Emilio Mina parlò al telefono con don Levi quattro giorni prima che morisse, il 19 gennaio 2002: “Discutemmo di Berlusconi, non tanto della persona, quanto del sistema politico bipolare che aveva in qualche modo inaugurato. Don Virgilio era scettico sul buon funzionamento di tale sistema. E mi disse: Ce ne accorgeremo tra alcuni anni”.
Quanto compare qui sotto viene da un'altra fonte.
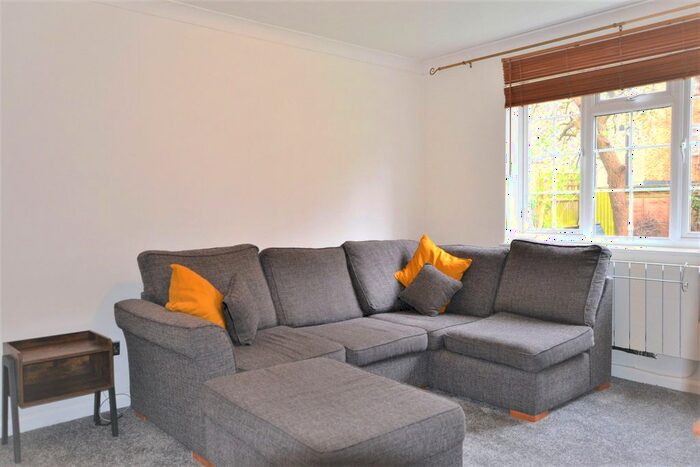 1 Bedroom Flat To Rent In Bucklers Way, Carshalton, SM5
Ci avviamo al termine della conversazione con il nostro interlocutore: “Una delle cose che don Virgilio mi ha trasmesso è l’amore per la musica classica, liturgica, popolare. Già a Campodolcino cantavamo molto. A Roma ricordo che una volta mi invitò a un concerto natalizio in una chiesa bellissima: musica indimenticabile. Amava la vita in tutte le sue sfaccettature. Al Tennis Club Ambrosiano di Milano ce lo rammentiamo ancora per la ‘lezione’ in cui ci fece assaporare da lontano i tesori della Cappella Sistina. Aveva un grande dono: sapeva far vivere in tutti quelli che lo ascoltavano ciò che illustrava con una passione e una competenza rare, frutto del suo approccio positivo e vitale alle cose del mondo. Mai dimenticando però di guardare in alto”.